Hardware specifications remain unclear, but the 9070 XT should be based on the Navi 48 GPU, featuring 4,096 cores, a 2.97GHz boost clock, 16 GB of GDDR6 VRAM on a 256-bit bus, and 640 GB/s of memory bandwidth. Rumors indicate that the 9070 will include 16 GB of VRAM, potentially giving it a significant advantage over the upcoming RTX 5070, which features only 12 GB of GDDR7 memory.
The 9070 came within spitting distance of the RTX 4080 Super in a Call of Duty Black Ops 6 benchmark at CES last month. More comprehensive testing will require a broader range of titles, particularly games that extensively utilize hardware-accelerated ray tracing.
AMD will price the RX 9070 and 9070 XT competitively against the $549 RTX 5070 and $749 5070 Ti. The 5070 Ti may launch on February 20, while the 5070, 5060 Ti, and 5060 should emerge later, possibly in March, like the RDNA 4 GPUs. The lower-priced RX 9060 and 9050 are also coming later this year.

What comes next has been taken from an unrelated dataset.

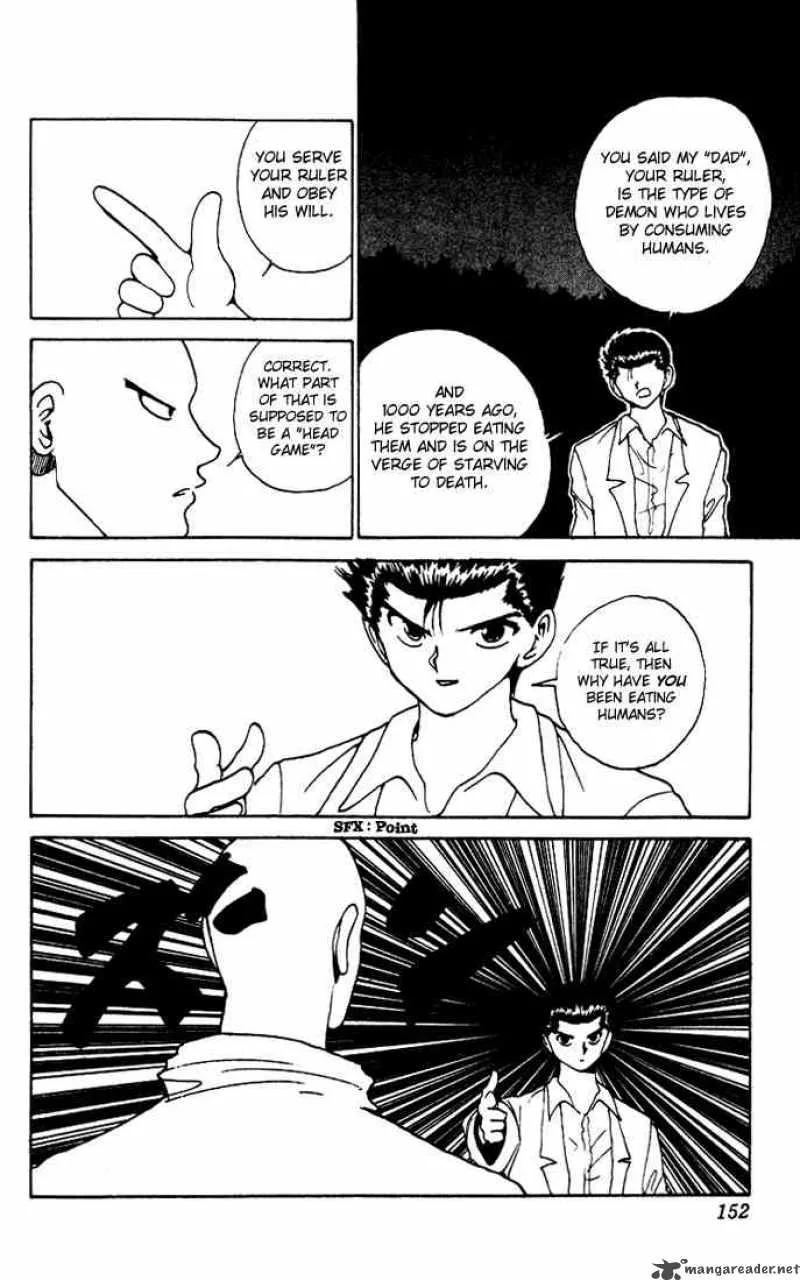 Yu Yu Hakusho Chapter 156 page 8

Su justified Team Red’s retreat from the high-end and flagship segments by describing mainstream graphics cards as the highest-volume portion of the market. Steam hardware surveys support this assertion, showing that Nvidia xx60 GPUs dominate usage statistics. AMD is expected to follow RDNA 4 with UDNA, the likely choice for the PlayStation 6, which could see the company return to the enthusiast GPU market like RDNA 2 did after the mainstream-focused RDNA 1.